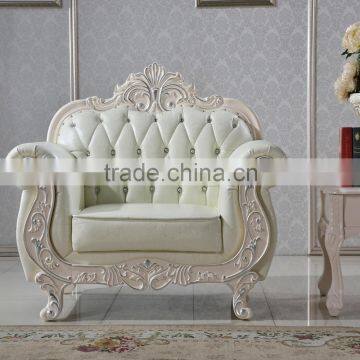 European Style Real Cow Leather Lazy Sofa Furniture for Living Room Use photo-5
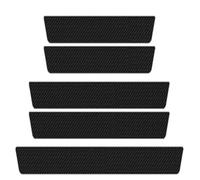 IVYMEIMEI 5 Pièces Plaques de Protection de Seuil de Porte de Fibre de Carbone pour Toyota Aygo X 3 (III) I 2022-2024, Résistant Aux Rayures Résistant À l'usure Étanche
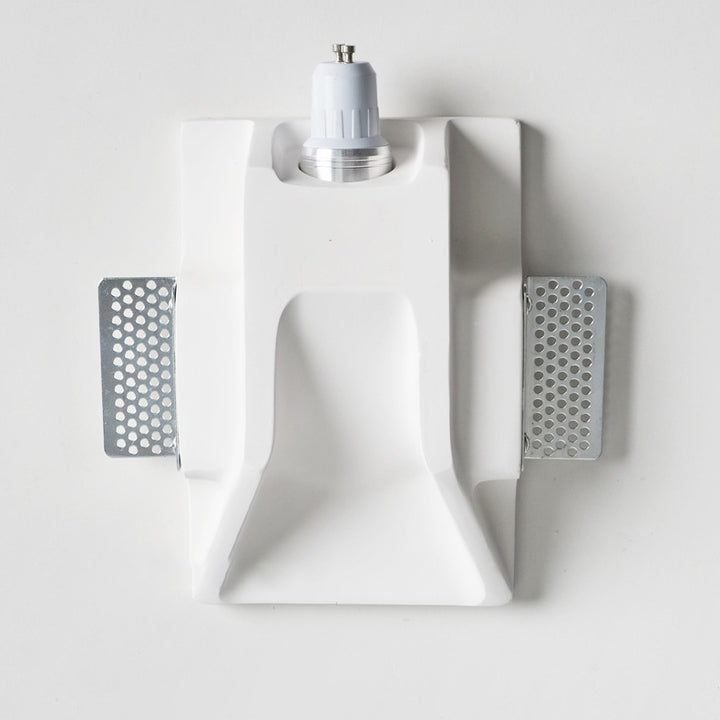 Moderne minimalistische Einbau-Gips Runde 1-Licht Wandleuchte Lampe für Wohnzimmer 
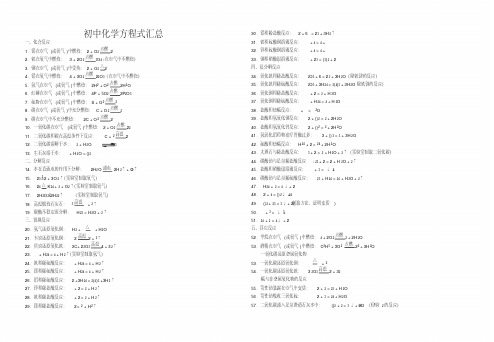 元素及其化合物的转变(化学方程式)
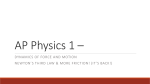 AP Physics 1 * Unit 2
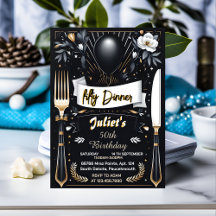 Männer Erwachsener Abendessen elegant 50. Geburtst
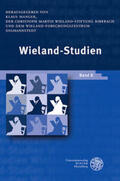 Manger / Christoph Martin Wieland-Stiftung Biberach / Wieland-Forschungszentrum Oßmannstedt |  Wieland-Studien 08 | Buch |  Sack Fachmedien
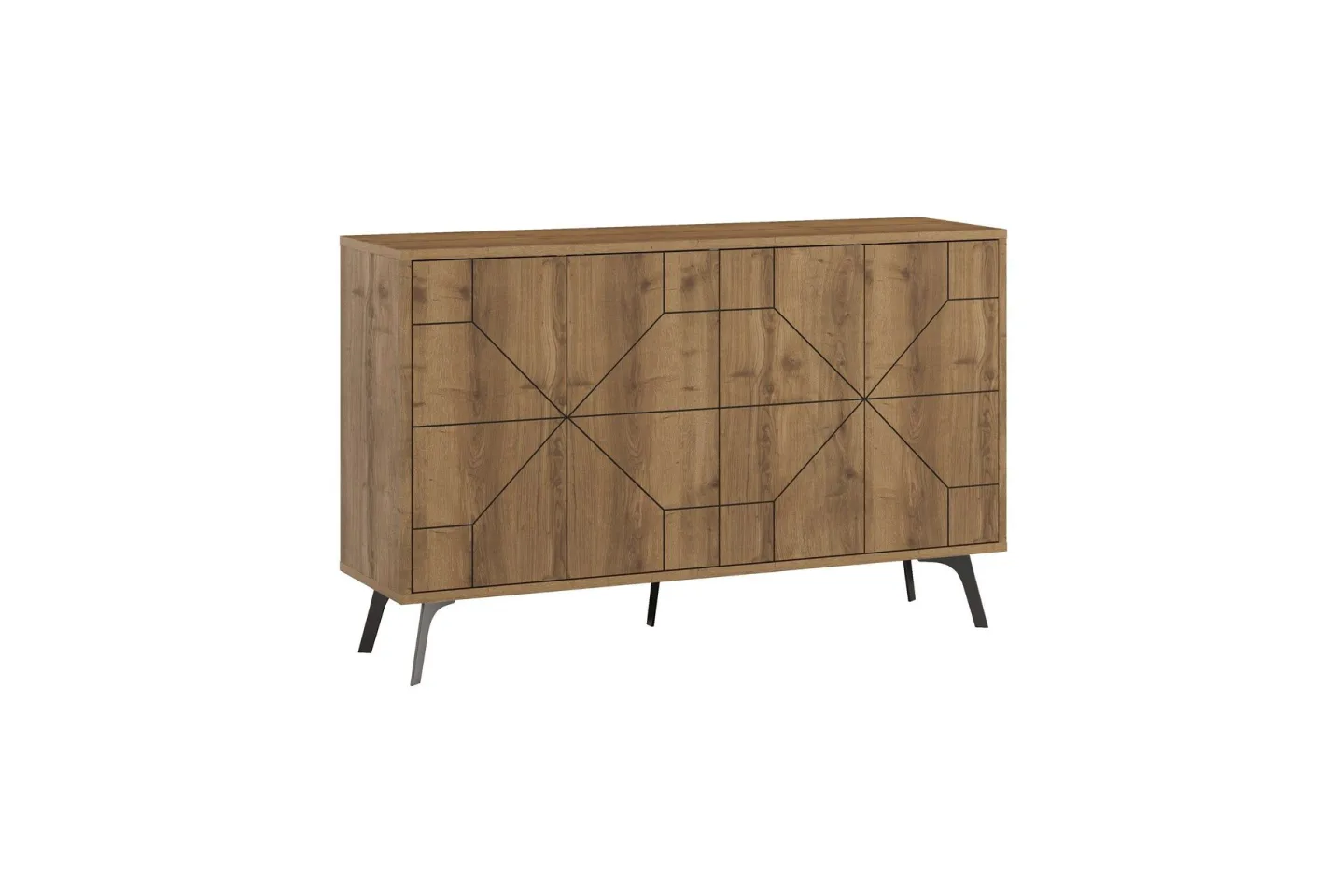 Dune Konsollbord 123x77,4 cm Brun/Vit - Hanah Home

═══

**To do**
The records are to be returned word for word, without any of their pictures.

**Finished task**
 European Style Real Cow Leather Lazy Sofa Furniture for Living Room Use photo-5
 IVYMEIMEI 5 Pièces Plaques de Protection de Seuil de Porte de Fibre de Carbone pour Toyota Aygo X 3 (III) I 2022-2024, Résistant Aux Rayures Résistant À l'usure Étanche
 Moderne minimalistische Einbau-Gips Runde 1-Licht Wandleuchte Lampe für Wohnzimmer 
 元素及其化合物的转变(化学方程式)
 AP Physics 1 * Unit 2
 Männer Erwachsener Abendessen elegant 50. Geburtst
 Manger / Christoph Martin Wieland-Stiftung Biberach / Wieland-Forschungszentrum Oßmannstedt |  Wieland-Studien 08 | Buch |  Sack Fachmedien
 Dune Konsollbord 123x77,4 cm Brun/Vit - Hanah Home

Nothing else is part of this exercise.